So, without further ado, let's write some Perl 6:
# bintree - binary tree demo program
# adapted from "Perl Cookbook", Recipe 11.15
use strict;
use warnings;
my ($root, $n);
while ($n++ < 20) { insert($root, int rand 1000) }
my int ($pre, $in, $post) is constant = (0..2);
print "Pre order: "; show($root,$pre); print "\n";
print "In order: "; show($root,$in); print "\n";
print "Post order: "; show($root,$post); print "\n";
$*ARGS is chomped;
$ARGS prompts("Search? ");
while (<$ARGS>) {
if (my $node = search($root, $_)) {
print "Found $_ at $node: $node{VALUE}\n";
print "(again!)\n" if $node{VALUE}.Found > 1;
}
else {
print "No $_ in tree\n";
}
}
exit;
#########################################
sub insert (HASH $tree is rw, int $val) {
unless ($tree) {
my %node;
%node{LEFT} = undef;
%node{RIGHT} = undef;
%node{VALUE} = $val is Found(0);
$tree = %node;
return;
}
if ($tree{VALUE} > $val) { insert($tree{LEFT}, $val) }
elsif ($tree{VALUE} < $val) { insert($tree{RIGHT}, $val) }
else { warn "dup insert of $val\n" }
}
sub show {
return unless @_[0];
show(@_[0]{LEFT}, @_[1]) unless @_[1] == $post;
show(@_[0]{RIGHT},@_[1]) if @_[1] == $pre;
print @_[0]{VALUE};
show(@_[0]{LEFT}, @_[1]) if @_[1] == $post;
show(@_[0]{RIGHT},@_[1]) unless @_[1] == $pre;
}
sub search (HASH $tree is rw, *@_) {
return unless $tree;
return search($tree{@_[0]<$tree{VALUE} && "LEFT" || "RIGHT"}, @_[0])

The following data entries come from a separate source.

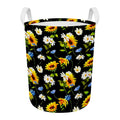 Sunflower Chamomile Pattern Print Round Laundry Basket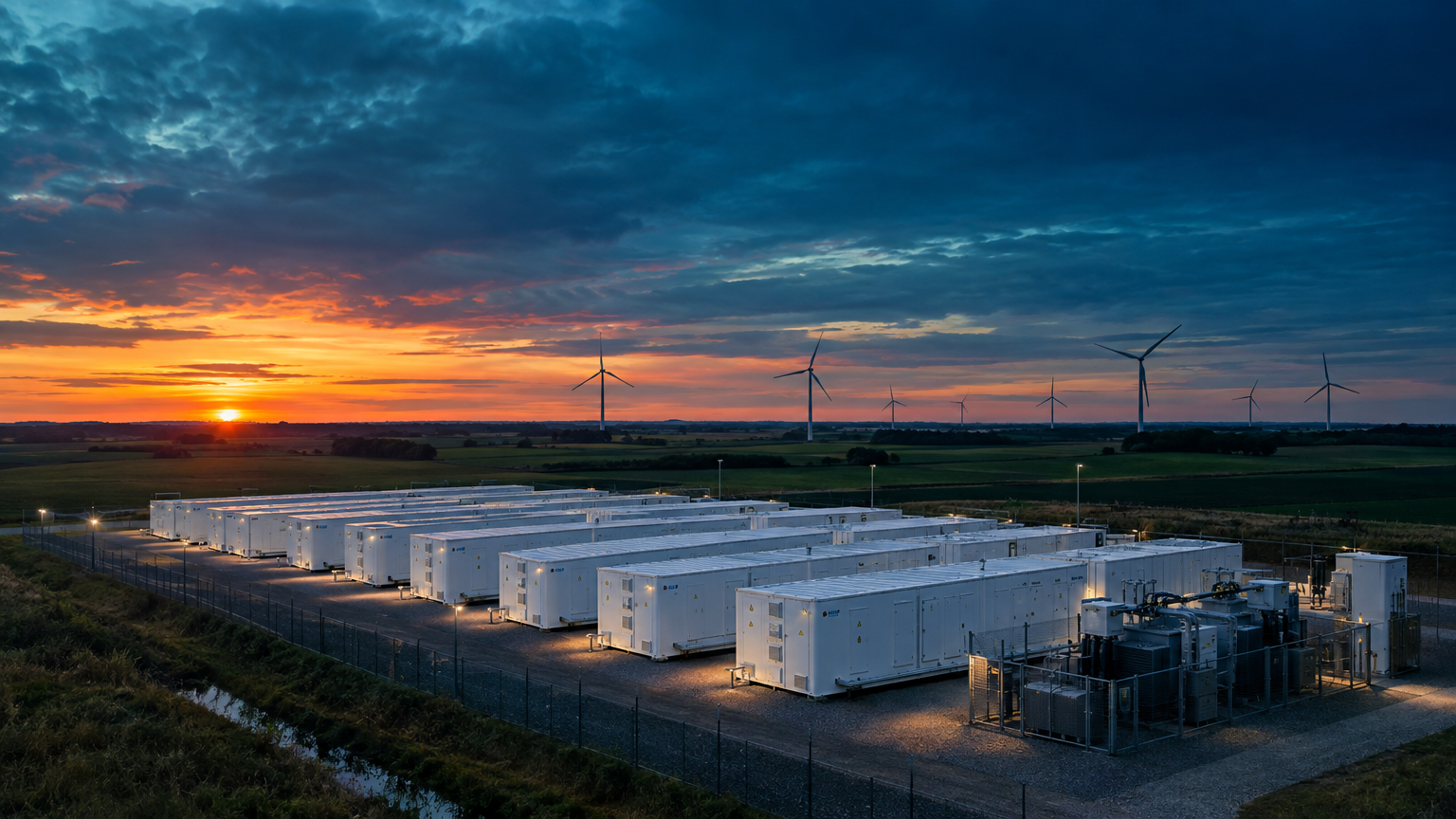 Battery energy storage containers at dusk with wind turbines in the background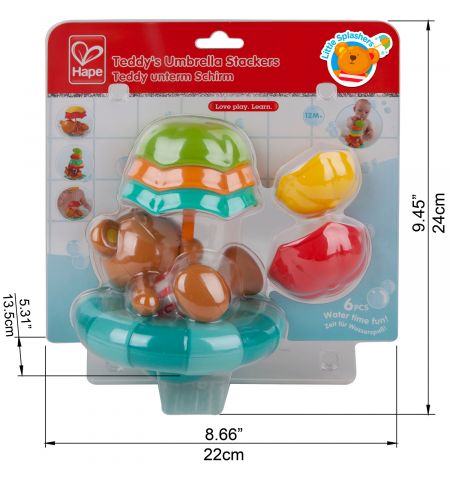 Hape E0203A  Игрушка для купания "Тедди с зонтиком"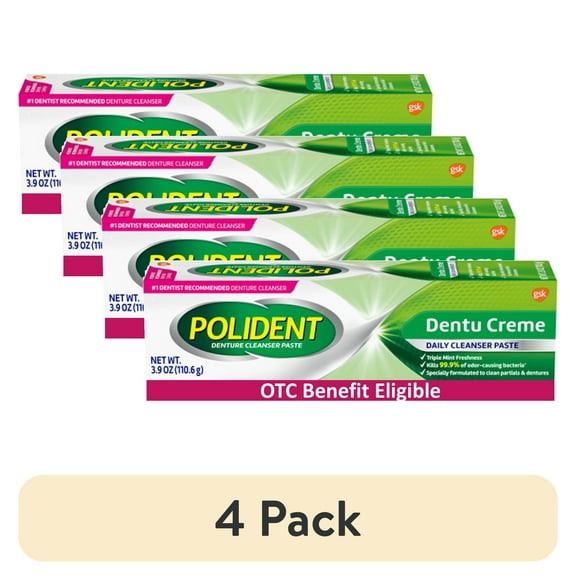 (4 pack) Polident Dentu-Creme Paste for Denture and Partials Cleaning, Triple Mint Freshness, 3.9 oz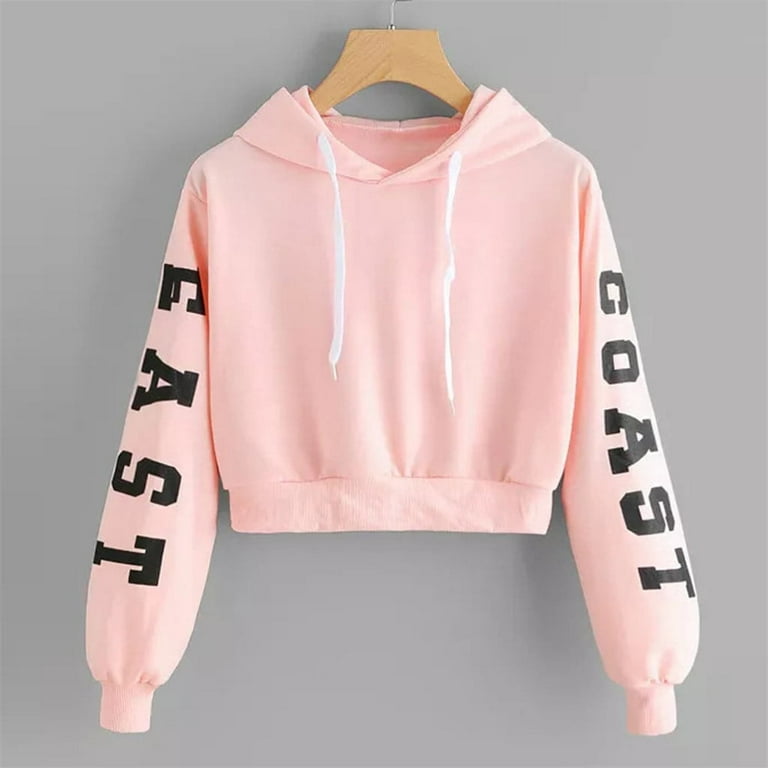 Aayomet Womens Cute Hoodies Long Sleeve Drawstring Letter Print Loose  Hoodie Sweatshirt Pink,S 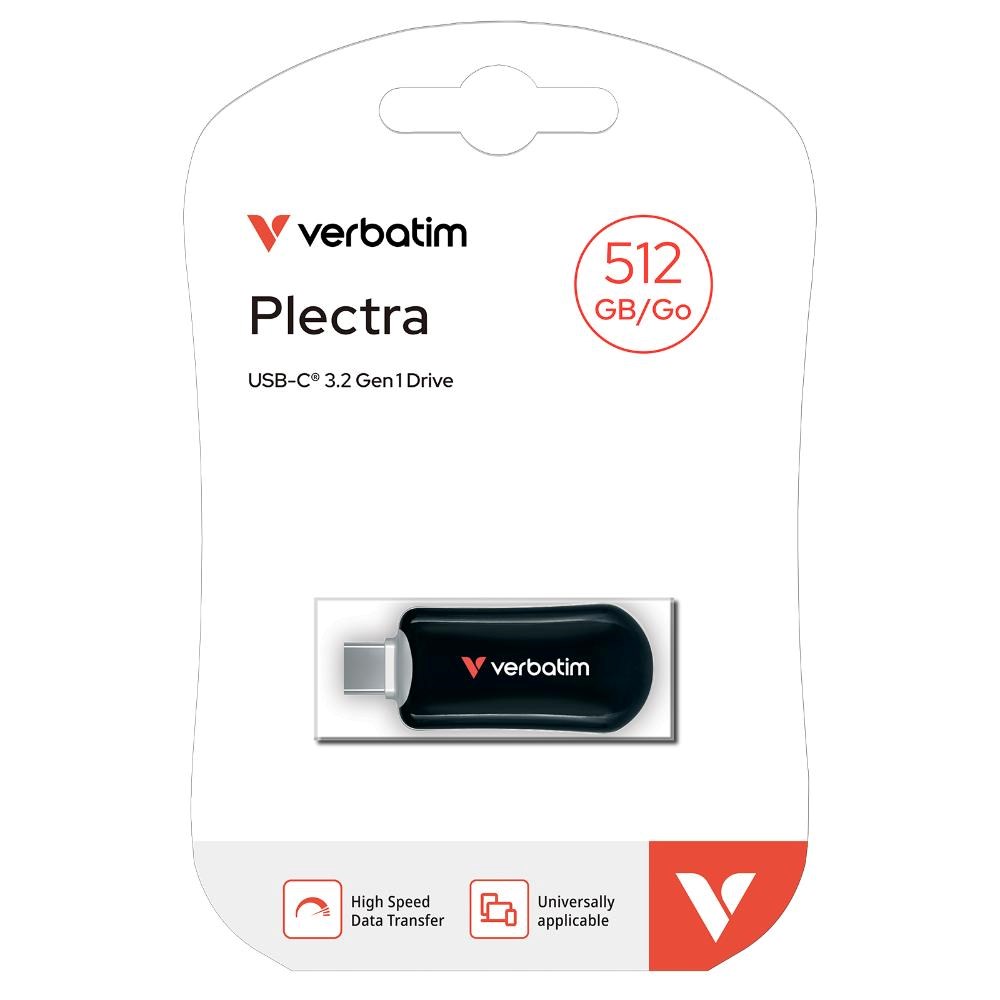 VERBATIM Flash Disk 512GB Plectra USB-C 3.0,  černá1 
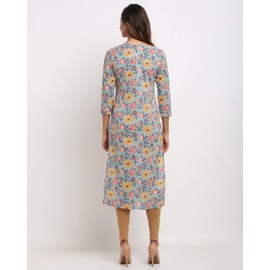 Rajnandini Jaipuri Jaipuri de algodón puro con estampado floral recto (listo para usar; gris y amarillo; pequeño), Gris y amarillo., M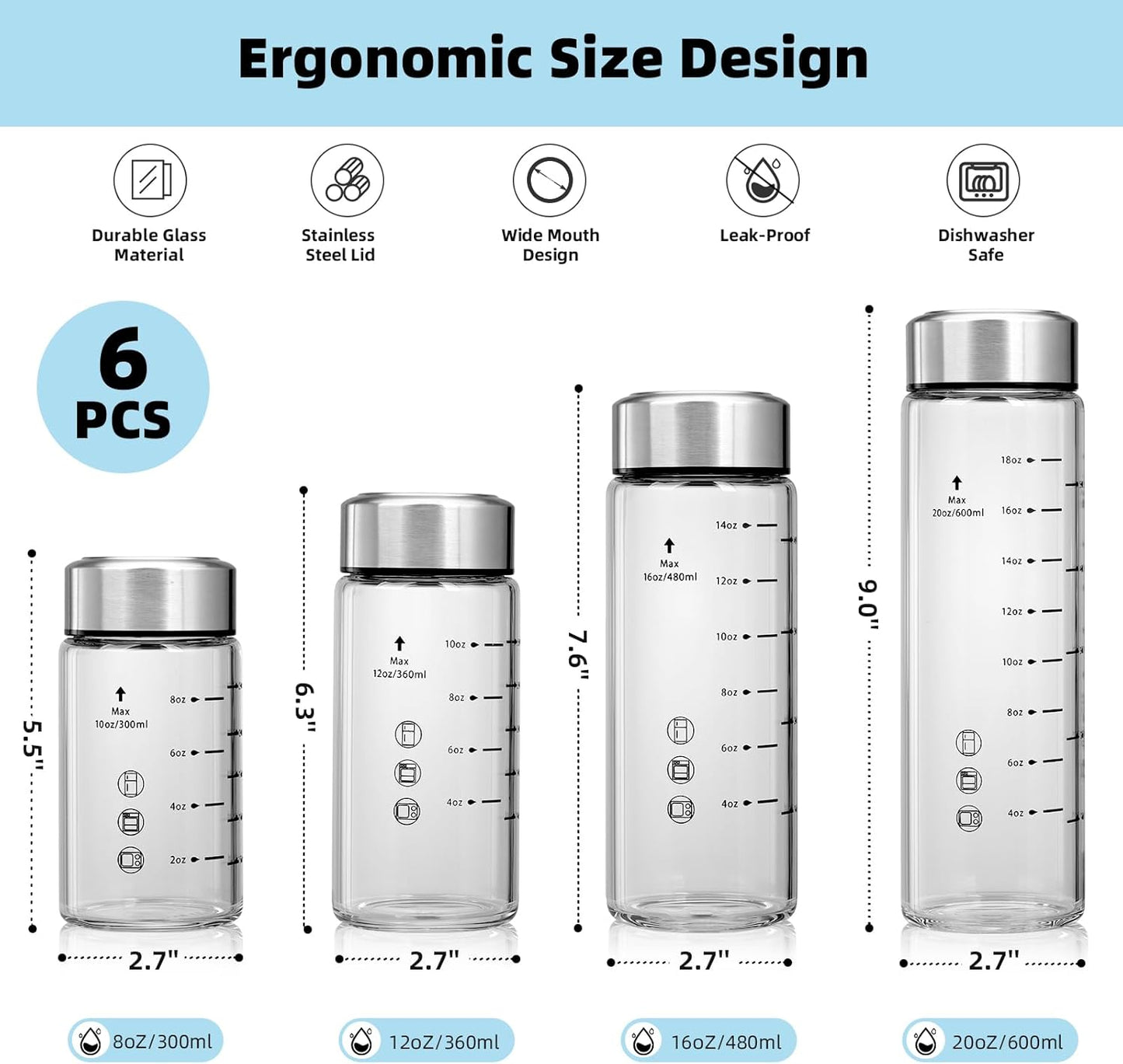 Glass Juice Bottles 6 Pack 16 oz - Wide Mouth Glass Water Bottles with Lids - Borosilicate,Stainless Steel Lids for Juicing, Smoothies, Infused Water, Beverage Storage, Leakproof, Reusable, BPA Free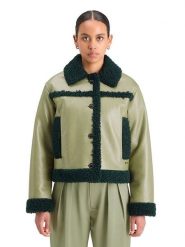 Scotch & Soda Kurtka koszulowa w kolorze czarno-oliwkowym rozmiar: M. Zielone kurtki damskie Scotch & Soda, m, bez wzorów, ze skóry, bez kaptura. Za 343.41 zł.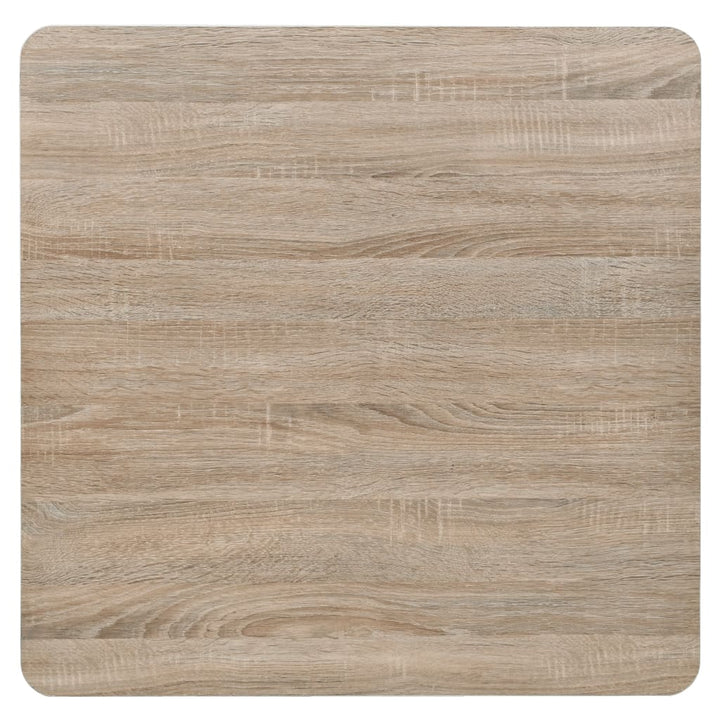 bistrobord MDF og stål firkantet 80 x 80 x 75 cm egetræsfarvet
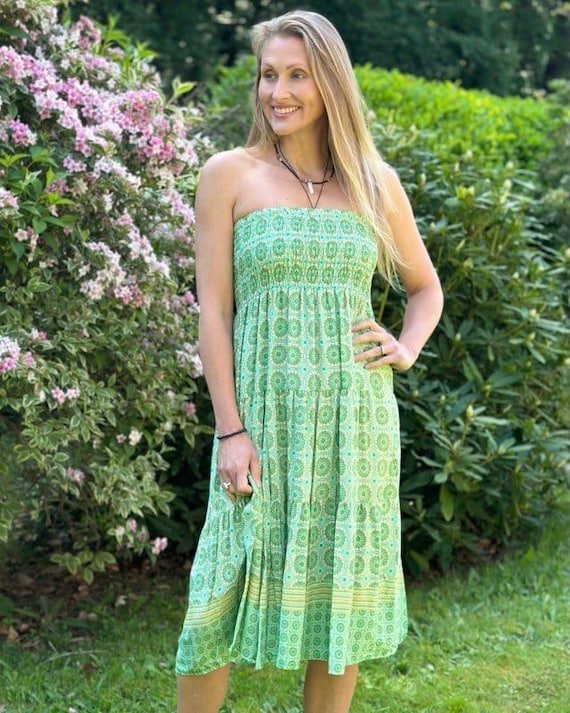 blue and green wedding guest dress Mint Green Straps A-Line Wedding Guest Dress main image 1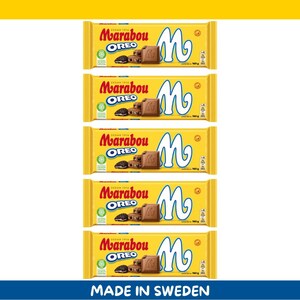 5 Pack Marabou Mjölkchoklad Oreo Milk Chocolate Bars – 160g each (5.6 oz) – Imported from Sweden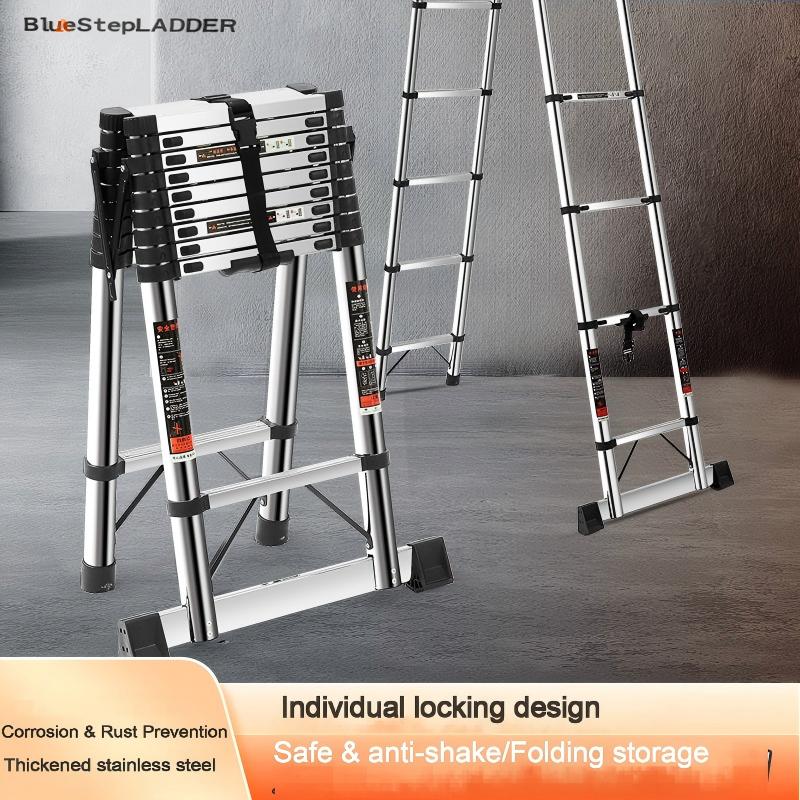 A-Framed Stainless Steel Telescopic Ladder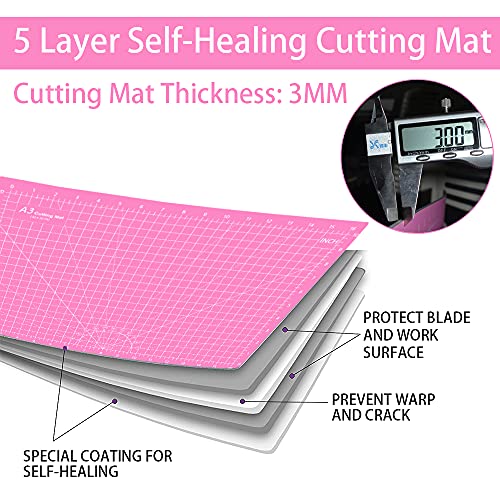 Headley Tools 18"x12" Thickened Self Healing Cutting Mat, A3 Rotary Cutting Sewing Mat for Crafts, Double Sided 5-Ply Table Cutting Board for Fabric Quilting Art Hobby Project, Pink/Purple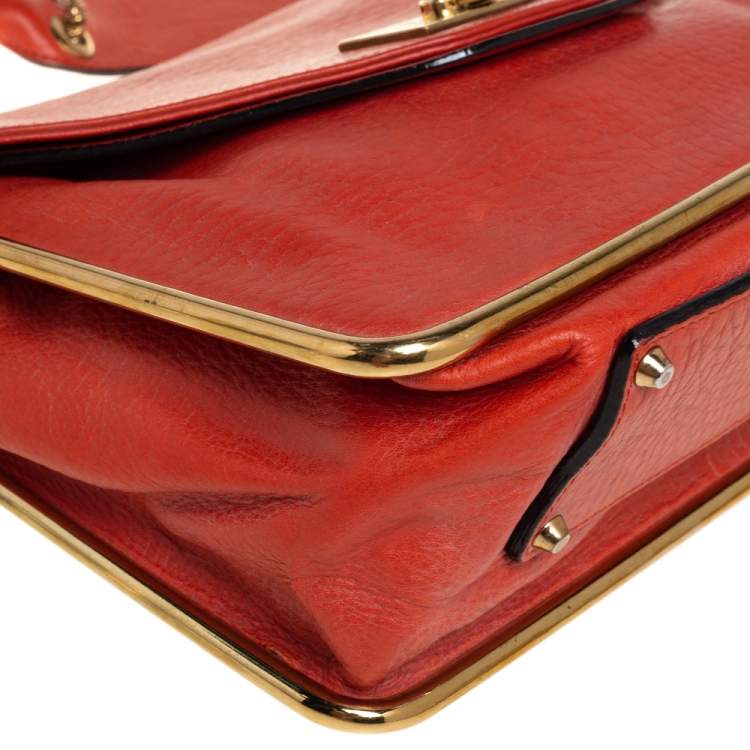 Pre Owned Chloe Orange Pebbled Leather Medium Sally Flap Shoulder Bag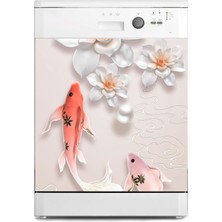 Sticker Art Bulaşık Makinesi Sticker Kaplama Beyaz Eşya Kaplama 3D Balık Çiçek Çizim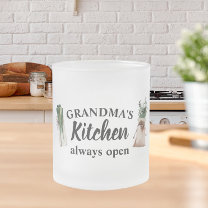 Modern Grandma's Kitchen Is Always Open Best Gift Frosted Glass Coffee Mug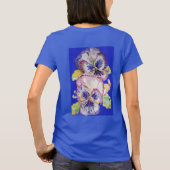 Paarse Pansy bloemenpatroon Art Waterverf T-shirt (Achterkant)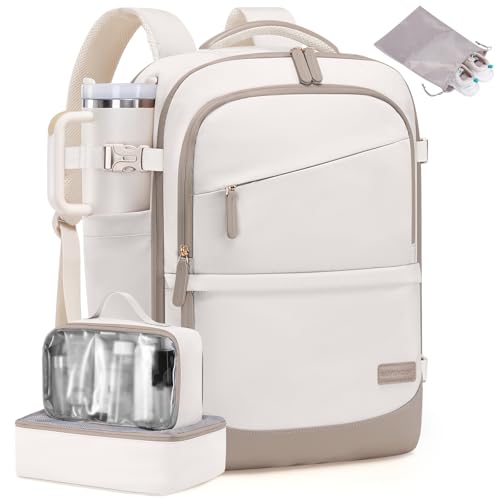 LOVEVOOK Travel Backpack for Women & Men, 40L Carry on Backpack Airline Approved, Large TSA Personal Item Travel Bag fits 17.3" Laptop, Business Weekender Bag for Essentials, 4Pcs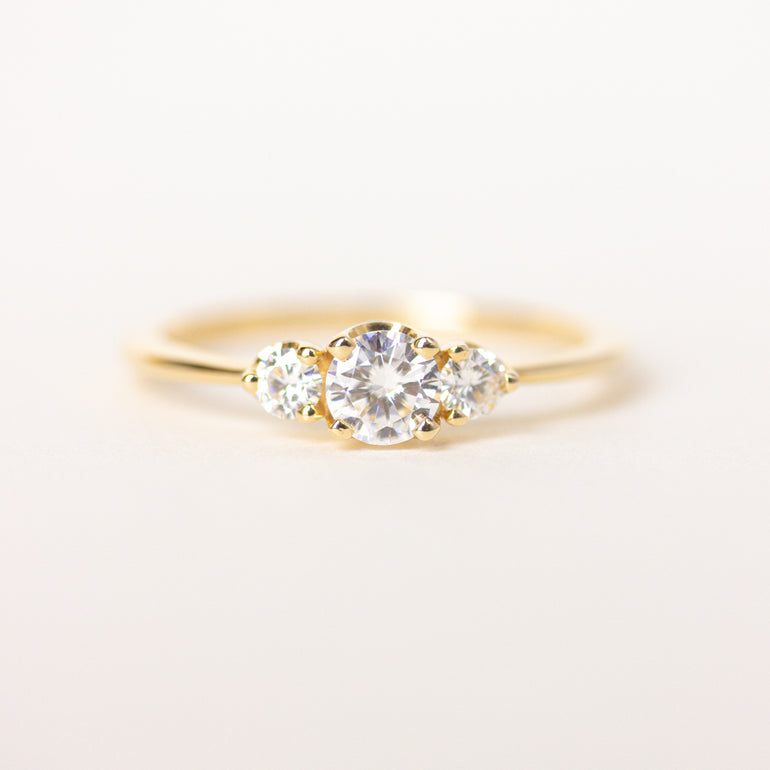 Three White Stone Engagement Ring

unless $tree{VALUE} == @_[0];
$tree{VALUE} is Found($tree{VALUE}.Found+1);
return $tree;
}
It's Perl, Jim, and quite like we know it
The program gets off to a familiar start:
use strict;
use warnings;
my ($root, $n);
while ($n++ < 20) { insert($root, int rand 1000) }
Nothing new here. And, in fact, despite the many new features it illustrates, overall this program looks and feels a great deal like Perl 5 code.
That shouldn't really be surprising, given that Perl 6 is growing out the of suggestions of hundreds of devoted Perl 5 programmers, filtered through the mind that invented Perl 5.
As RFC 28 suggested, Perl is definitely going to stay Perl.
Any variables to declare?
Variable declarations in Perl 6 can be as simple as those for $root and
$n above, but they can also be much more sophisticated:
my int ($pre, $in, $post) is constant = (0..2);
Here we declare three variables that share a common type (int) and
a common property (constant). Typed lexicals are a feature of Perl 5
too, but having names for Perl's built-in types is new.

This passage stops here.